Task prompt:
Could the data below be printed out exactly, with the pictures left out?

Dataset entries:
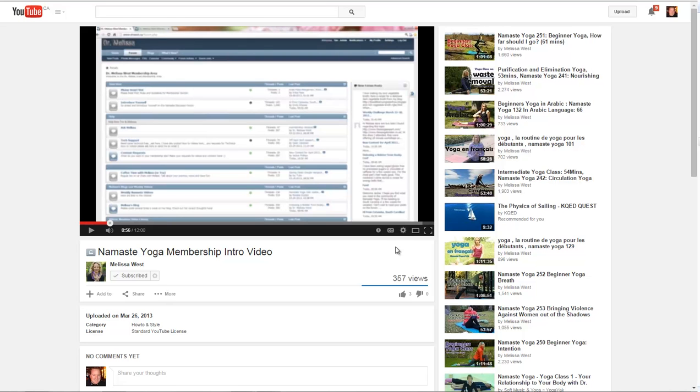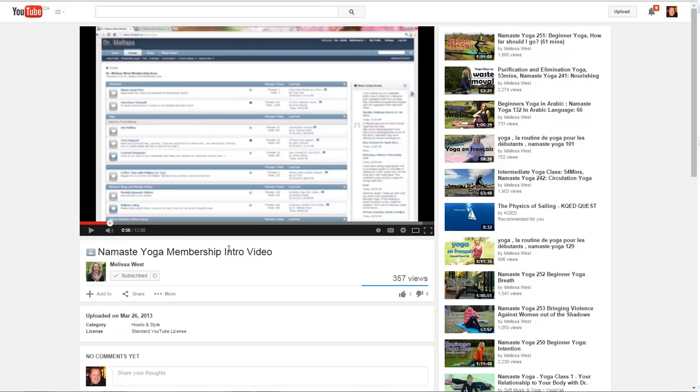Hi there, this is Tim with a short video about fuzzy screens. Here's an example of a video that is sent out to new members - the Namaste Yoga membership intro video. The background is all fuzzy on the video.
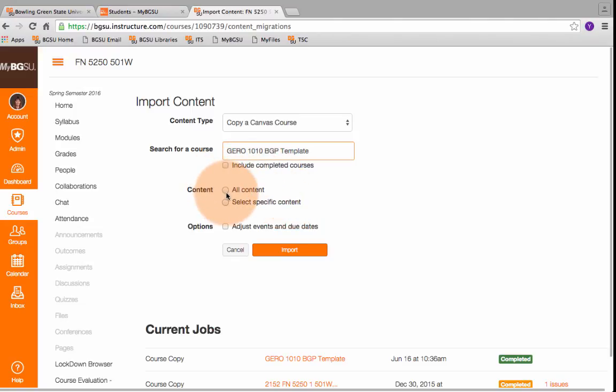Then I'm going to click on All Content. The template should only have the assignment that was in the BGP proposal. It shouldn't have extra syllabi or assignments or quizzes or anything else. The only thing you should be importing is the assignment, like a placeholder to have in the gradebook, and then the rubric with the learning outcomes that you will be assessing.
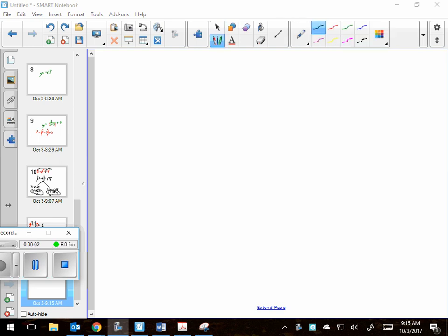Today we started by reviewing a little bit of the top 20 because the top 20 test is coming in a couple days, but now we're going to get into the new stuff. The new stuff is about inverses.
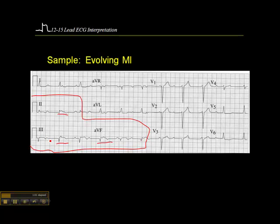So it would be important to elicit a history and determine from the patient's perspective when this chest pain started, so we can determine whether this is a patient who is a STEMI that can go straight to a PCI center.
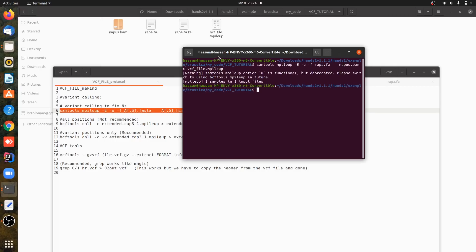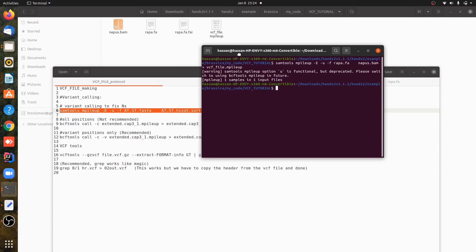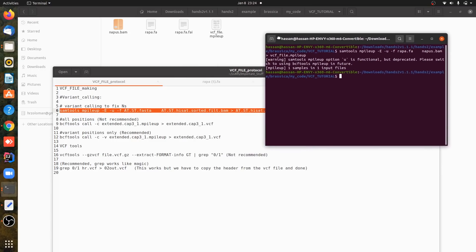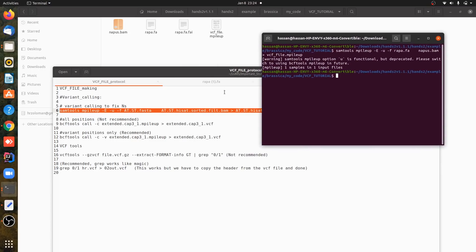Here we can see there are two ways we can get all the variant positions and all the positions. The command for that is this one, but this is not recommended. So next we have to use VCF tools in order to get all the variant positions, only the variant positions.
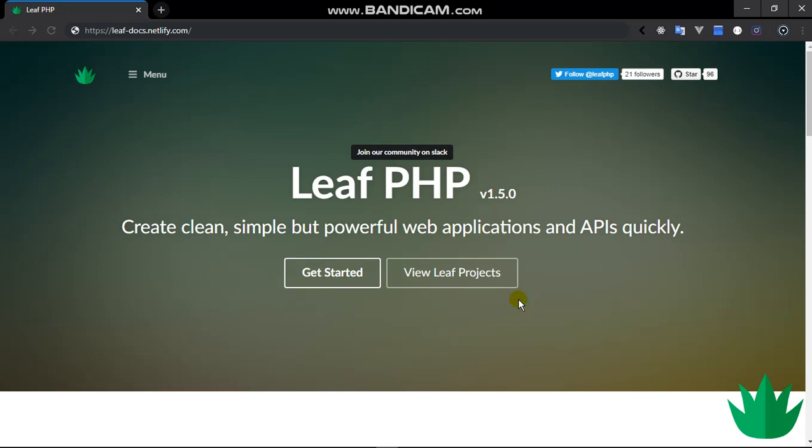Hey guys, welcome to the Leaf PHP from scratch series. In this series we'll be looking at Leaf PHP, what it does, its components, how it makes our development simpler, and why we should use Leaf PHP in the first place. For this particular video we'll be looking at installation, how to install Leaf PHP.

Completed exercise:
Hi there, this is Tim with a short video about fuzzy screens. Here's an example of a video that is sent out to new members - the Namaste Yoga membership intro video. The background is all fuzzy on the video.
Then I'm going to click on All Content. The template should only have the assignment that was in the BGP proposal. It shouldn't have extra syllabi or assignments or quizzes or anything else. The only thing you should be importing is the assignment, like a placeholder to have in the gradebook, and then the rubric with the learning outcomes that you will be assessing.
Today we started by reviewing a little bit of the top 20 because the top 20 test is coming in a couple days, but now we're going to get into the new stuff. The new stuff is about inverses.
So it would be important to elicit a history and determine from the patient's perspective when this chest pain started, so we can determine whether this is a patient who is a STEMI that can go straight to a PCI center.
Here we can see there are two ways we can get all the variant positions and all the positions. The command for that is this one, but this is not recommended. So next we have to use VCF tools in order to get all the variant positions, only the variant positions.
Hey guys, welcome to the Leaf PHP from scratch series. In this series we'll be looking at Leaf PHP, what it does, its components, how it makes our development simpler, and why we should use Leaf PHP in the first place. For this particular video we'll be looking at installation, how to install Leaf PHP.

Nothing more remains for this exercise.